The first mistake our political leaders made is goal confusion. The question is no longer whether to raise the debt limit or cut spending. Congress is out of time for that debate. Moody’s Investors Service, which rates debt for lenders, said it could lower the U.S. credit rating as early as July if Congress does not develop a process to avoid default. July 1 is this week. That means we need a detailed, step-by-step agreement process now, or interest rates could rise before August 2. The response so far? Republicans walked out of talks last Thursday, and a “golf summit” between President Obama and House Speaker Boehner failed to produce collaboration by their parties. Come July, we’ll start playing daily roulette with the entire U.S. economy.

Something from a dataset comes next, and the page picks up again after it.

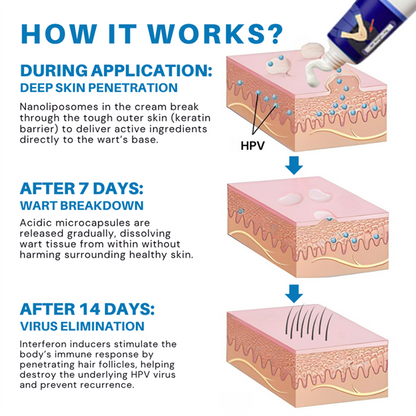 ATTDX® HPV Genital Warts Relief Cream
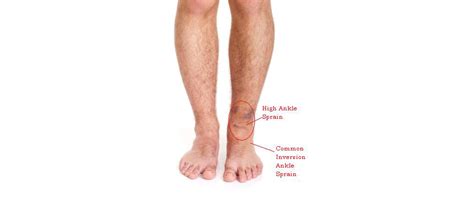 high ankle sprain treatment burlington sports therapy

Impending deadlines like this increase conflict and actually reduce creativity, information processing and agreement quality. What Washington needs to do at this point is decouple the debt limit from the spending debate, increasing the debt limit until December 31. This will maintain a less intrusive deadline but provide time for creative problem-solving in a calmer environment.
Another negotiation flaw plaguing the debt issue has been how laden the debate is with emotional buzzwords. Emotional people are physically less able to listen, which in turn means they are not often persuadable. They focus less on goals and more on retribution. If Vice President Biden’s task force was unable to calm down, it was right to turn this over to different bipartisan negotiators with fewer hotheads, but they need a better process. Threats cause emotion and are useless in negotiations like these.
Research by Robert Cialdini, author of Influence: The Psychology of Persuasion , found that when negotiators create human connections, 90 percent of the time they produce agreement (versus 16 percent if they don’t personally connect). Washington should study this data point. Civility isn’t just a nice leadership attribute; it actually increases listening, reduces emotion and better enables future compromise, even amid disagreement.
Additional studies , such as one by George Washington University’s Charles B. Craver, have found that when parties collaborate, the size of the pie can increase by 400 percent—that is, the end value of the deal can be four times better than it would have been otherwise. Partisan attacks do not create this value; brainstorming does. There is no “us v. them” when all of us are facing a common crisis.